This study addresses the challenge of real-time updating and inference for streaming economic and financial data within traditional semiparametric econometric models. To this end, we propose an online learning framework tailored to semiparametric monotonic index models. Our approach employs a two-stage paradigm that integrates globally stable online initialization, an orthogonalized score-based updating mechanism, and an online sieve method, enabling joint estimation of finite-dimensional parameters and the unknown monotonic link function using only the most recent data batch. The estimator achieves optimal convergence rates and innovatively supports real-time construction of confidence regions and policy effect analysis. Extensive simulations and empirical experiments demonstrate that our method substantially outperforms full-sample alternatives while offering markedly improved computational efficiency.

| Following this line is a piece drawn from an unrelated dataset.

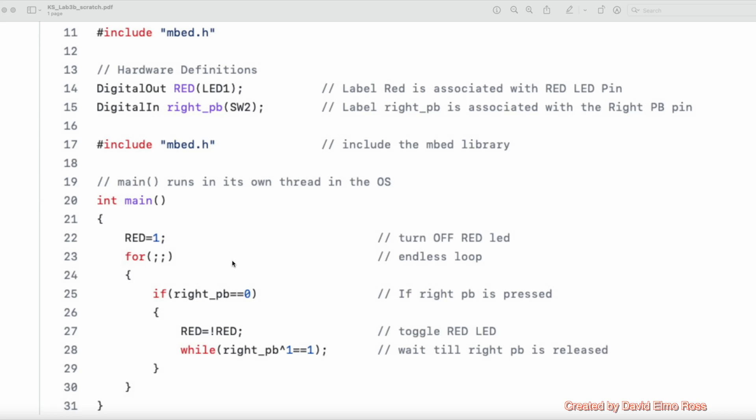This is the program for Lab 3B, and what this does is every time we hit the right push button, which drops the value here to zero, it's going to change the state of our red LED.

Data in modern economic and financial applications often arrive as a stream, requiring models and inference to be updated in real time -- yet most semiparametric methods remain batch-based and computationally impractical in large-scale streaming settings. We develop an online learning framework for semiparametric monotone index models with an unknown monotone link function. Our approach uses a two-phase learning paradigm. In a warm-start phase, we introduce a new online algorithm for the finite-dimensional parameter that is globally stable, yielding consistent estimation from arbitrary initialization. In a subsequent rate-optimal phase, we update the finite-dimensional parameter using an orthogonalized score while learning the unknown link via an online sieve method; this phase achieves optimal convergence rates for both components. The procedure processes only the most recent data batch, making it suitable when data cannot be stored (e.g., memory, privacy, or security constraints), and its resulting parameter trajectories enable online inference such as confidence regions--on parameters including policy-effect analysis with negligible additional computation. Monte Carlo experiments on both simulated and real data show adequate performance especially relative to full sample methods.